Task to complete —
An exact copy of every record below is required, with the pictures left out.

Records shown —
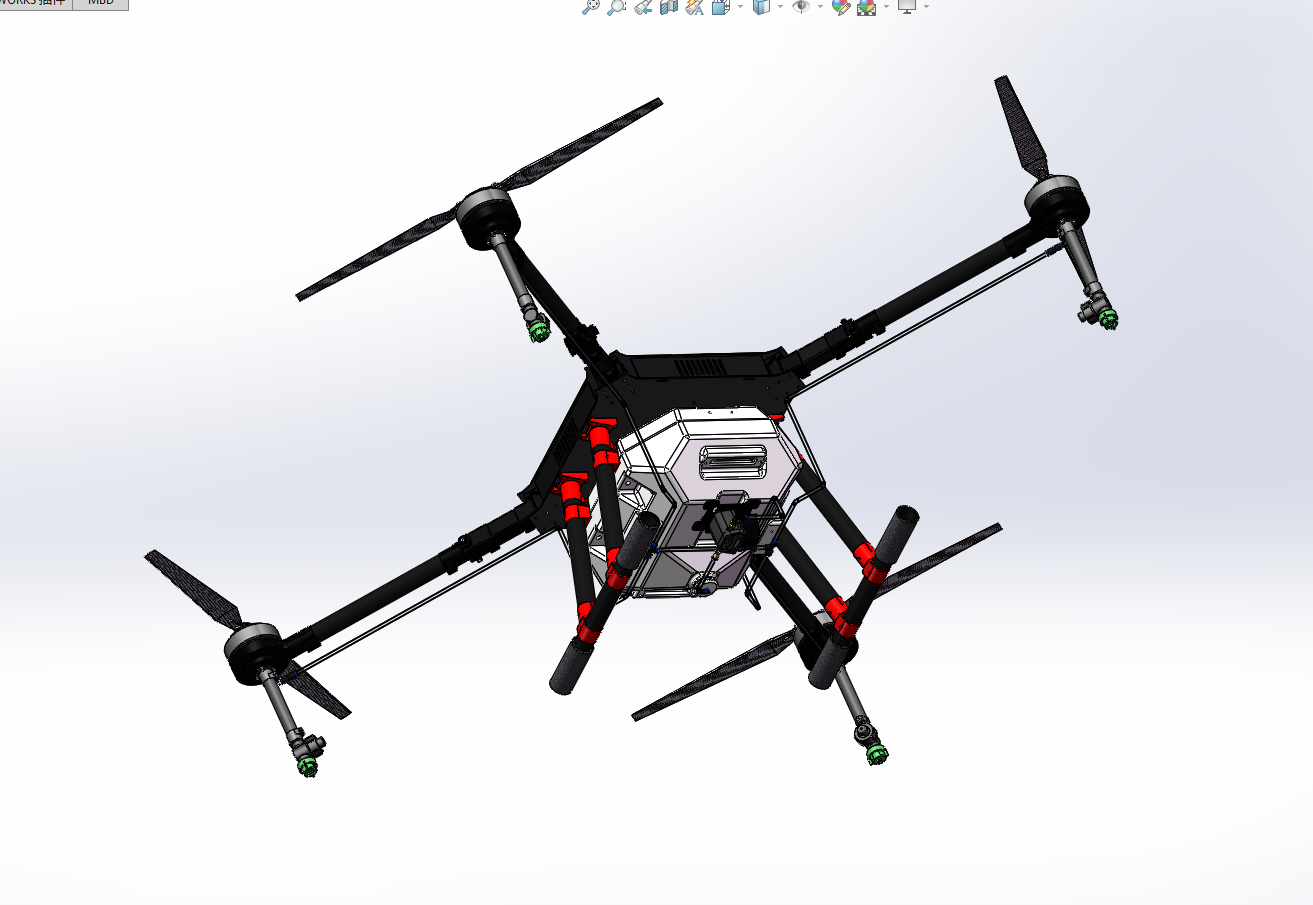 1500mm四旋翼植保无人机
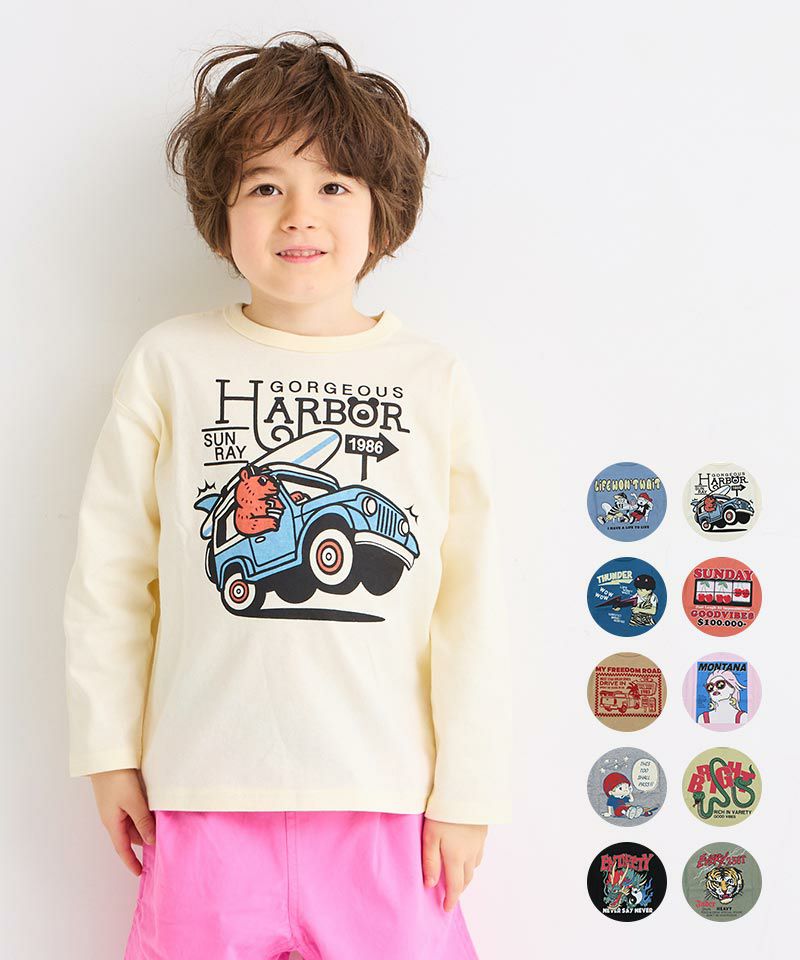 GW SALE】【OUTLET】グラフィックプリントロンT ｜ トップス ｜ 子供服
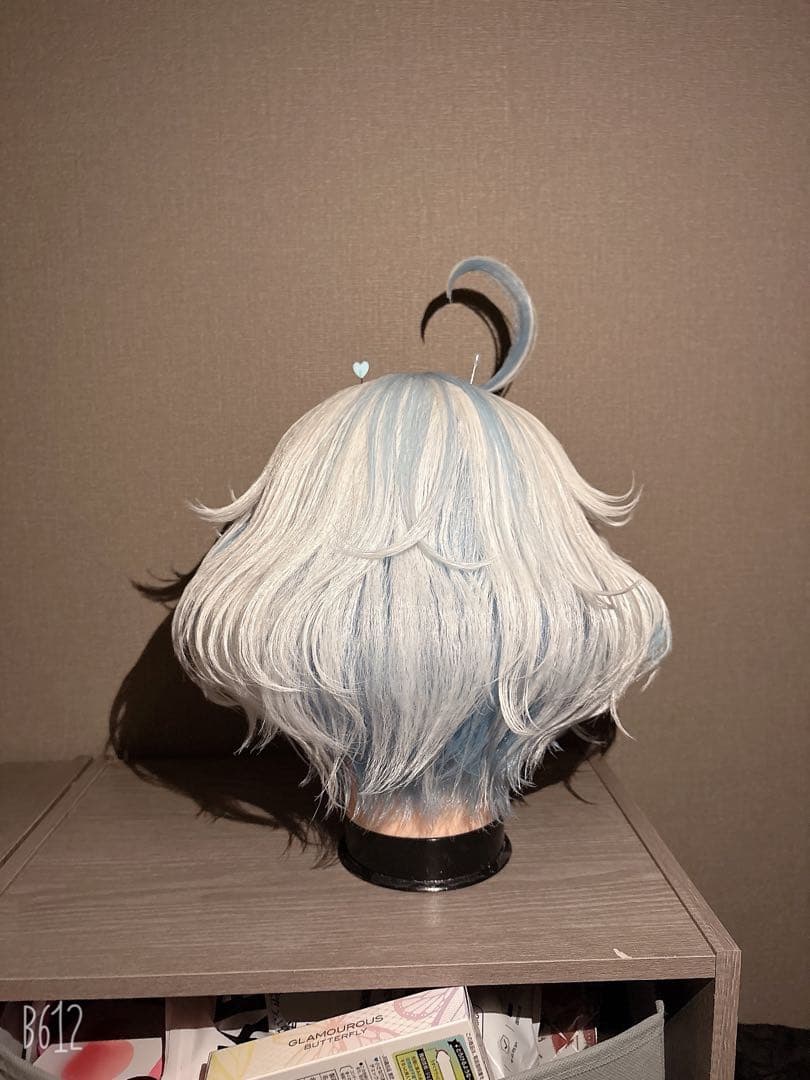 原神GENSHIN・フリーナ・コスプレ・ウィッグ　黒　セット済み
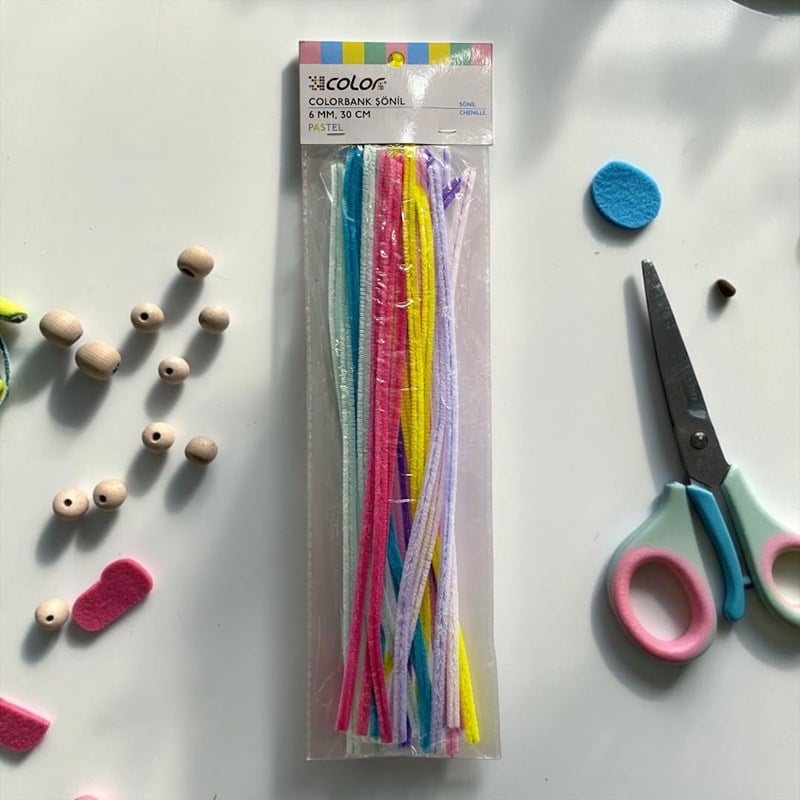 Colorbank Şönil 6 Mm 30 Cm Pastel Renkler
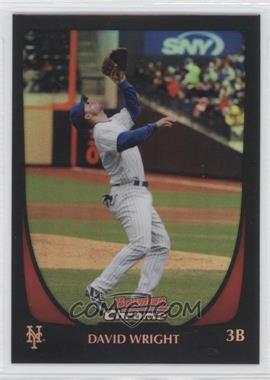 2011 Bowman Chrome - [Base] - Refractor #100 - David Wright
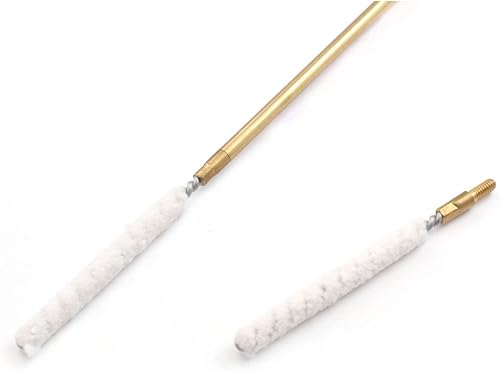 Miniatura 3 de Paquete de 10 cepillos para trapeadores de algodón con orificio de limpieza de pistola 8-32, 5-16 o 5-40 roscados (calibre .177)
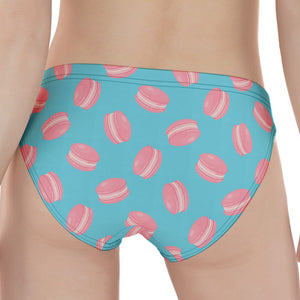 Pink Macaron Pattern Print Women's Panties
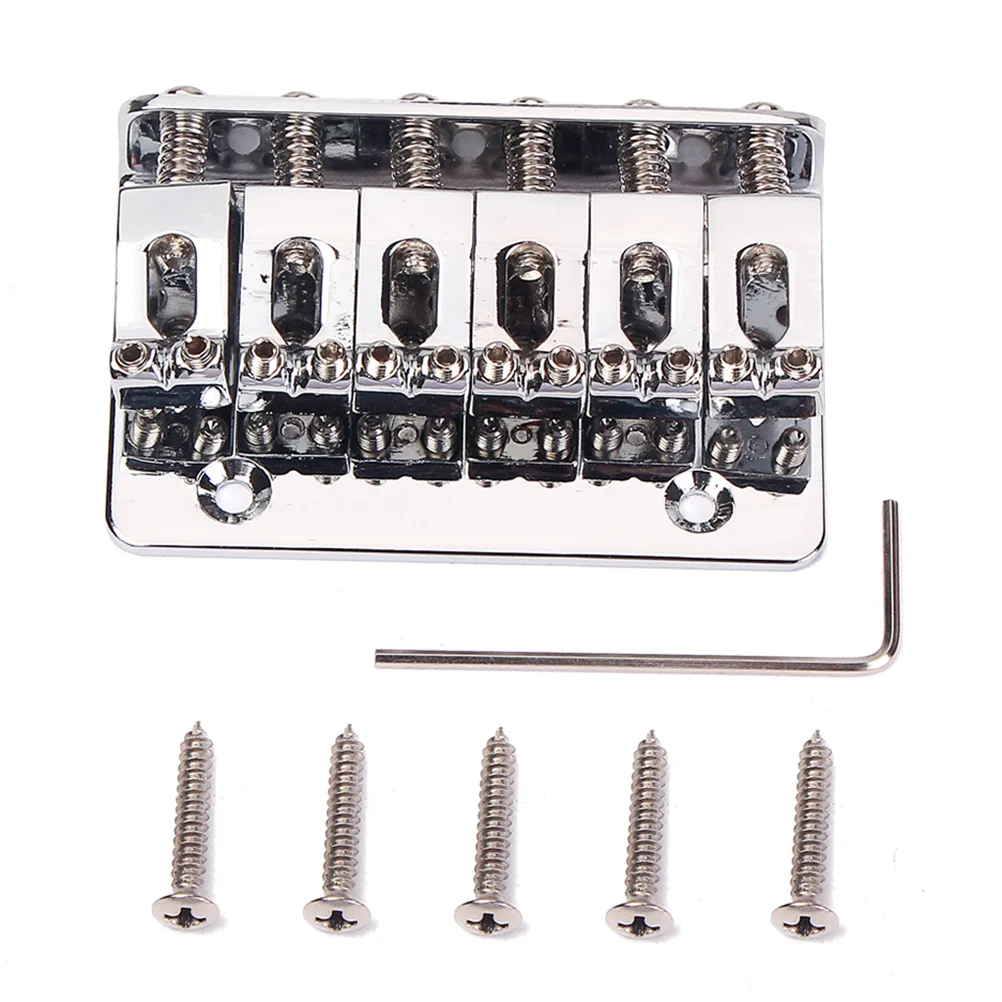 65 Mm Oblique Head Electric Acoustic Guitar Tremolo Stabilizing Device Bridge with Screws
65 Mm Oblique Head Electric Acoustic Guitar Tremolo Stabilizing Device Bridge with Screws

Solution for this exercise —
 1500mm四旋翼植保无人机
 GW SALE】【OUTLET】グラフィックプリントロンT ｜ トップス ｜ 子供服
 原神GENSHIN・フリーナ・コスプレ・ウィッグ　黒　セット済み
 Colorbank Şönil 6 Mm 30 Cm Pastel Renkler
 2011 Bowman Chrome - [Base] - Refractor #100 - David Wright
 Miniatura 3 de Paquete de 10 cepillos para trapeadores de algodón con orificio de limpieza de pistola 8-32, 5-16 o 5-40 roscados (calibre .177)
 Pink Macaron Pattern Print Women's Panties
 65 Mm Oblique Head Electric Acoustic Guitar Tremolo Stabilizing Device Bridge with Screws
65 Mm Oblique Head Electric Acoustic Guitar Tremolo Stabilizing Device Bridge with Screws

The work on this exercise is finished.